## [Supplied material]
★ ★ ★

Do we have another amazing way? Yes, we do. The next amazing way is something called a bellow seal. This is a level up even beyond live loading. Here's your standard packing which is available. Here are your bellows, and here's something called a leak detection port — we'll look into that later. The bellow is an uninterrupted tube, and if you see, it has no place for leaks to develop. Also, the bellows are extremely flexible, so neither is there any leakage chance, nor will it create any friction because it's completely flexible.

★ ★ ★

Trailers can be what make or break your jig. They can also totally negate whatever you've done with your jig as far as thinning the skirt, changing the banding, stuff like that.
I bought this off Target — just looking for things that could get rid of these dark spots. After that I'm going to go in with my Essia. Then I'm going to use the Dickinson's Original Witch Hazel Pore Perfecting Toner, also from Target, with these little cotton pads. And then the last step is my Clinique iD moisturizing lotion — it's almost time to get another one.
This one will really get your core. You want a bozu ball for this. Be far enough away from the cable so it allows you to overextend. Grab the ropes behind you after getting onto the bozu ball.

★ ★ ★

## [Problem to work on]
Write out only the lines that run from the line containing "I bought this" through the line containing "This one will", both included, exactly as they appear above.

## [Written response]
I bought this off Target — just looking for things that could get rid of these dark spots. After that I'm going to go in with my Essia. Then I'm going to use the Dickinson's Original Witch Hazel Pore Perfecting Toner, also from Target, with these little cotton pads. And then the last step is my Clinique iD moisturizing lotion — it's almost time to get another one.
This one will really get your core. You want a bozu ball for this. Be far enough away from the cable so it allows you to overextend. Grab the ropes behind you after getting onto the bozu ball.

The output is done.